■ BRIEF
The expected output is every line from the one containing "Dondo 白色着色橡木边几Ø45cm - 亚光石灰石 - Mavis" to the end of the data below, exactly, and no other line.

Source data:
----------------------------------------

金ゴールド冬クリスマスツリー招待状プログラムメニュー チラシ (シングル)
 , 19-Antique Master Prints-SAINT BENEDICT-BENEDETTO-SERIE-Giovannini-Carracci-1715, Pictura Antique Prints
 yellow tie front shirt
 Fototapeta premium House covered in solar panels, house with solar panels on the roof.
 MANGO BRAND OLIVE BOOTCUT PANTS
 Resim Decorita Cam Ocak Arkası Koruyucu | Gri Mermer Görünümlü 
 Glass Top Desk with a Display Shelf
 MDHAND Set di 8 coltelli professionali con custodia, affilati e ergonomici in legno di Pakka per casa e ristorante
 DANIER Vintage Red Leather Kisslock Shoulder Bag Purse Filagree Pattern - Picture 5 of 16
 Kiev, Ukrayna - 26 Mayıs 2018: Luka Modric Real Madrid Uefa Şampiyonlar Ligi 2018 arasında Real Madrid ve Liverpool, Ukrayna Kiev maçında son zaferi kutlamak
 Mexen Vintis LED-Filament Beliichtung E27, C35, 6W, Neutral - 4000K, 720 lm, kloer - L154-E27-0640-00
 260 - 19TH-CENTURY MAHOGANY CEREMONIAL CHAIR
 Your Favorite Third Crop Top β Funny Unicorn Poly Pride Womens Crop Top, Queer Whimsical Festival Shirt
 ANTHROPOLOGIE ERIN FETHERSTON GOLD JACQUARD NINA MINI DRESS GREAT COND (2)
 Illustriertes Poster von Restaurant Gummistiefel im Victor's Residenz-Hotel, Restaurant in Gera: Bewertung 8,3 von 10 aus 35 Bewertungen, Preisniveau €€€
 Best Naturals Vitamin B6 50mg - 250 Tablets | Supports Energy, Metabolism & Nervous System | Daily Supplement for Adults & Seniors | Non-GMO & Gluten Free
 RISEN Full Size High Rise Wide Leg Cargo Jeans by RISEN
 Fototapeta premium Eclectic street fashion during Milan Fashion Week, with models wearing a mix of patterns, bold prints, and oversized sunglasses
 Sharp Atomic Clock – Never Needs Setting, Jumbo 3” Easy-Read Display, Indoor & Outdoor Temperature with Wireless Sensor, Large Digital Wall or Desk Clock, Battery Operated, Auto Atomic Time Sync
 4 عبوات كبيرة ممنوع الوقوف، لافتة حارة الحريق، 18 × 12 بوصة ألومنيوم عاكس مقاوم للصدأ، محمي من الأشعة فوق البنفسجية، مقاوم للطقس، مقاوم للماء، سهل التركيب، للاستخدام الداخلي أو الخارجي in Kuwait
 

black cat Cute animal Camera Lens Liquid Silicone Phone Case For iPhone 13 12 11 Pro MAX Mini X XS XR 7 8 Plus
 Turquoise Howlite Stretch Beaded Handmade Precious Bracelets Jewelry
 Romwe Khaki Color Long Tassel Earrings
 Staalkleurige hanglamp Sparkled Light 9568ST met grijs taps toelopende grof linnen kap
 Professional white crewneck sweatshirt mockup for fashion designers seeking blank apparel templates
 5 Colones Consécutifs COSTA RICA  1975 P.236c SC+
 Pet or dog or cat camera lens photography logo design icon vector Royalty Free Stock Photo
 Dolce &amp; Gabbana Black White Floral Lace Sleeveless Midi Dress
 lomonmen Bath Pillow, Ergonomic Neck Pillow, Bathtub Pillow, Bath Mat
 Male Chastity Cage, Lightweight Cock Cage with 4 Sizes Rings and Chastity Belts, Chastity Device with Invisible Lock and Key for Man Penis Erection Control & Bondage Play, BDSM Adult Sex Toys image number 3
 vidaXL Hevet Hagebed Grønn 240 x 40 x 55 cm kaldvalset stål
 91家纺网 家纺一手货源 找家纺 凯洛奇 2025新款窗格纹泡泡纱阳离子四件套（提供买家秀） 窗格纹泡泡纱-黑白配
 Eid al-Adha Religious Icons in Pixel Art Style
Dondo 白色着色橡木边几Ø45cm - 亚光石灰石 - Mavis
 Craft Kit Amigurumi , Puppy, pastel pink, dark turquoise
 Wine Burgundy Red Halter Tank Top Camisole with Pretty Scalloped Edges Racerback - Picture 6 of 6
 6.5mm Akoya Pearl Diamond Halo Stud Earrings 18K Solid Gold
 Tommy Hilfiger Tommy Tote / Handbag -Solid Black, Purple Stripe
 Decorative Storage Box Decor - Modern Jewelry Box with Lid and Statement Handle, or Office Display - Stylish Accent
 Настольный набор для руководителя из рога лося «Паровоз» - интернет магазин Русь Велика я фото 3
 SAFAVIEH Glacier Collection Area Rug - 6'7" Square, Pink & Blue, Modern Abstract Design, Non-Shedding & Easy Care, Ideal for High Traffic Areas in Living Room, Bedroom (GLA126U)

----------------------------------------

■ ANSWER BELOW
Dondo 白色着色橡木边几Ø45cm - 亚光石灰石 - Mavis
 Craft Kit Amigurumi , Puppy, pastel pink, dark turquoise
 Wine Burgundy Red Halter Tank Top Camisole with Pretty Scalloped Edges Racerback - Picture 6 of 6
 6.5mm Akoya Pearl Diamond Halo Stud Earrings 18K Solid Gold
 Tommy Hilfiger Tommy Tote / Handbag -Solid Black, Purple Stripe
 Decorative Storage Box Decor - Modern Jewelry Box with Lid and Statement Handle, or Office Display - Stylish Accent
 Настольный набор для руководителя из рога лося «Паровоз» - интернет магазин Русь Велика я фото 3
 SAFAVIEH Glacier Collection Area Rug - 6'7" Square, Pink & Blue, Modern Abstract Design, Non-Shedding & Easy Care, Ideal for High Traffic Areas in Living Room, Bedroom (GLA126U)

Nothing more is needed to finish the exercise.